Do you collect anything? Books and vintage Indian jewelry from the start of the century–some I bought in India, but a lot has been handed down to me through my mom.
Biggest splurge you don’t regret? Buying my first apartment in the Village in 2005.
Favorite small indulgence: Gianduiotto dark chocolate from the North of Italy, from Piedmont.
Album currently on repeat: I love the Beatles. I’ve got their greatest hits and I have that on constantly.
A scent that brings back memories: Getting off a plane in Mumbai. As a young child we’d go every year, because my grandmother was there and it’s a very distinct scent.
What does it smell like? I don’t know, but it’s just that scent of landing in India. It’s not a bad scent or anything like that. It’s just very, very distinct. I don’t even know how to describe it, but it’s the same every time.

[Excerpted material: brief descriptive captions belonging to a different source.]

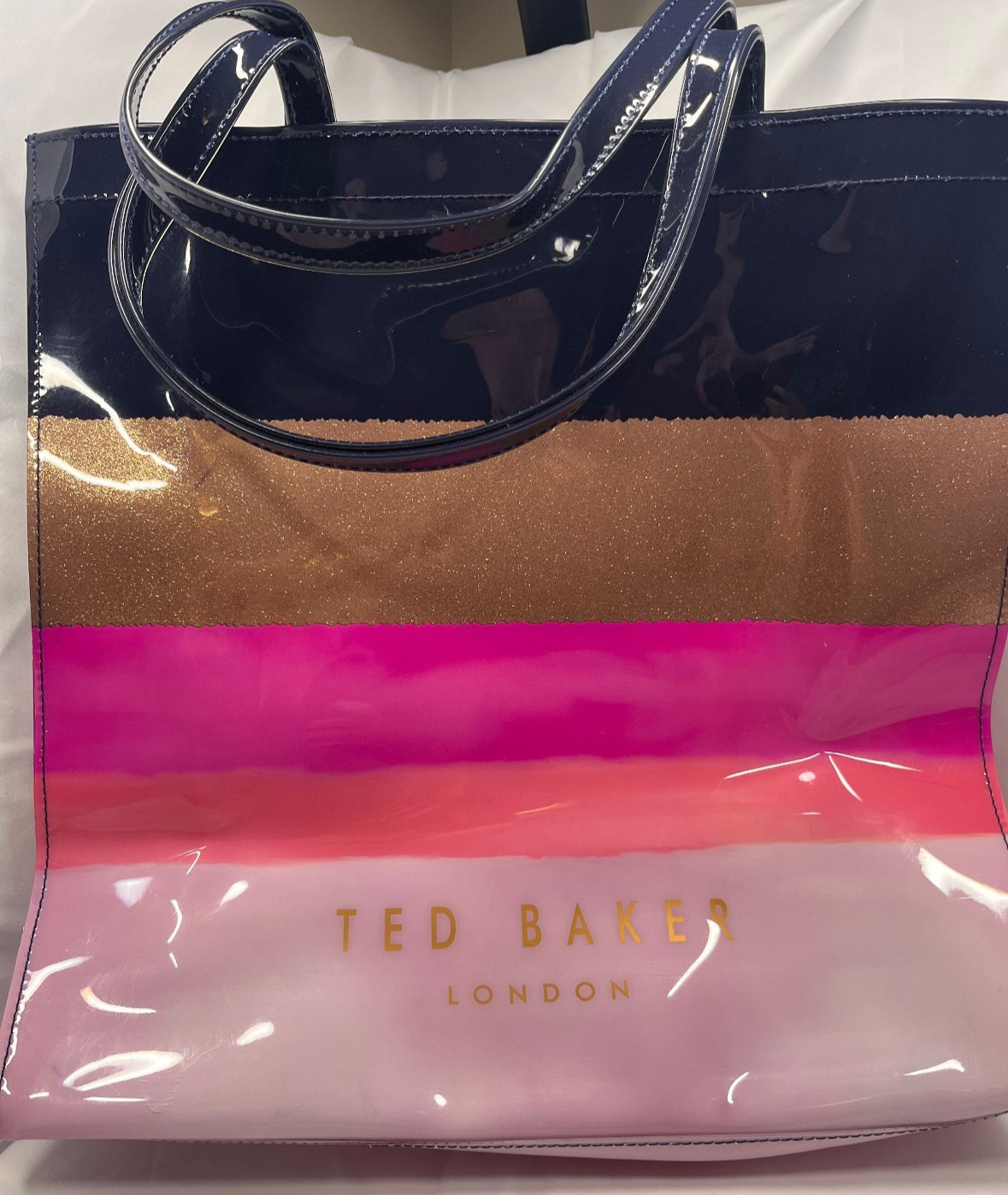 Ted Baker London Icon Tote Bag Navy Gold Glitter Pink Sunset Ombre PVC Preowned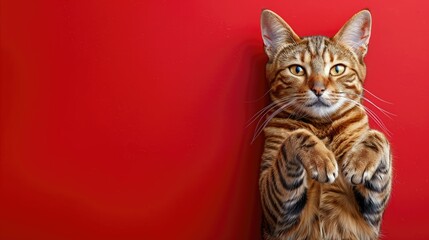 Majestic tabby cat with striking eyes posing against a red background.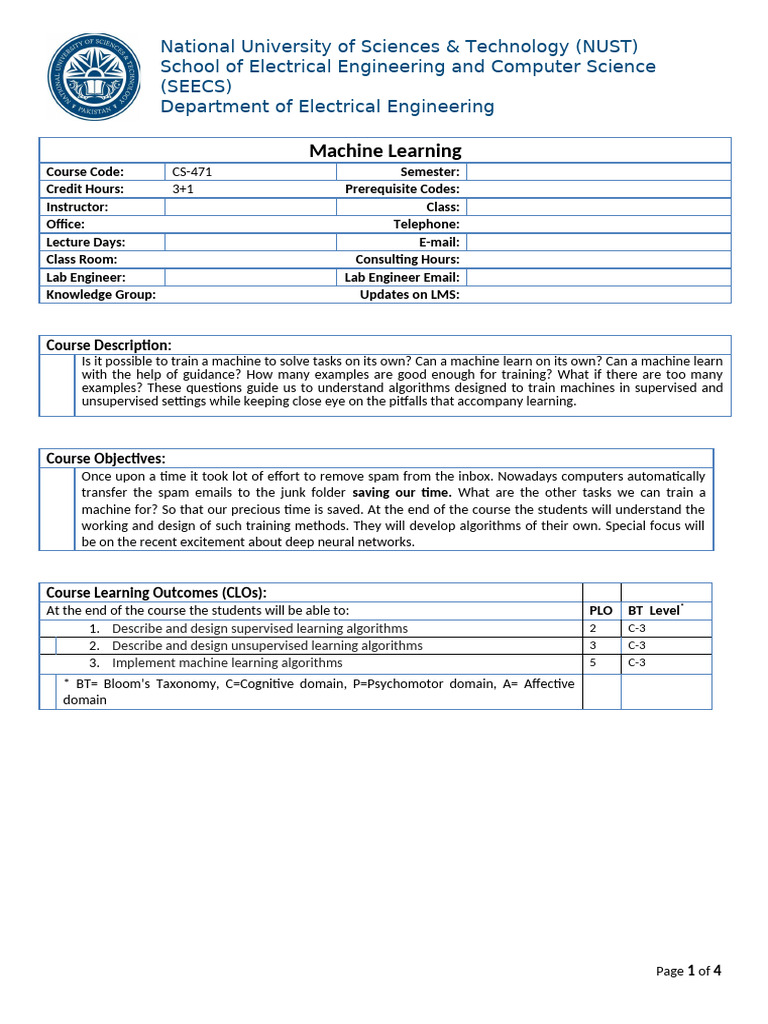 CS-471 Machine Learning | PDF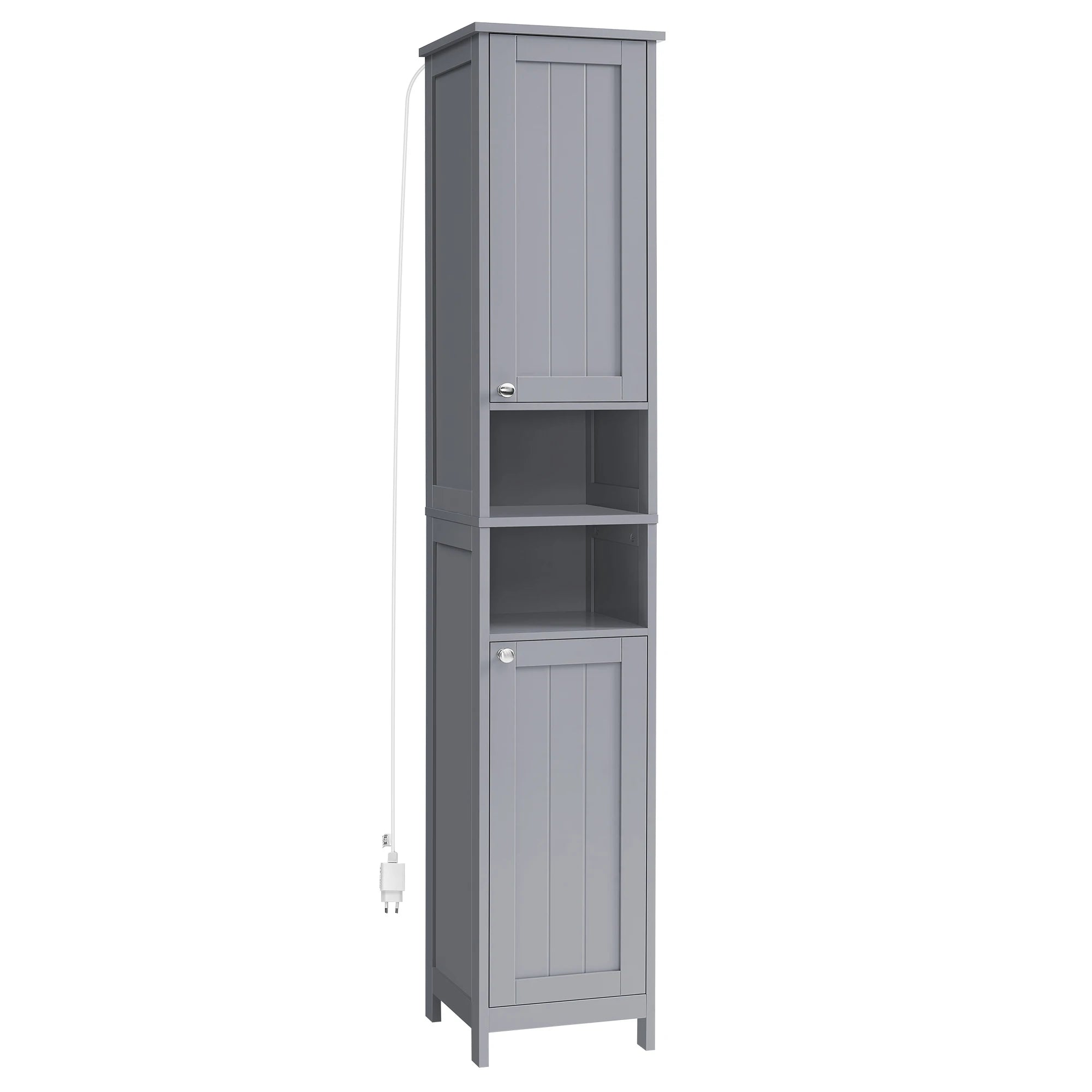 VASAGLE bathroom chest of drawers, bathroom cabinet with lighting, adjustable shelves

Lucky charm: I have a picture of a guru, Guru Nanak, which was given to me by my mother. Guru Nanak was the founder of Sikhism and was born in the mid 1400s or so. He denounced the caste system idea and he taught that like everyone should be equal regardless of caste or gender. I think, for a lot of reasons, he was a very interesting person and somehow I carry that with me all the time.
Favorite hour of the day: I think it’s first thing in the morning when I have a cup of coffee, whether I’m home, and it’s workdays or if I’m on a holiday somewhere, it’s just, it’s a great moment. It’s a peaceful time, a time to reflect a little bit and it’s something I do every day.
What do you hope the new normal brings? This quarantine on a global level will make us truly appreciate our health, human connections and freedoms much more than ever before. Also, it will hopefully inspire conscious consumerism and a sense of gratitude for all that we do have.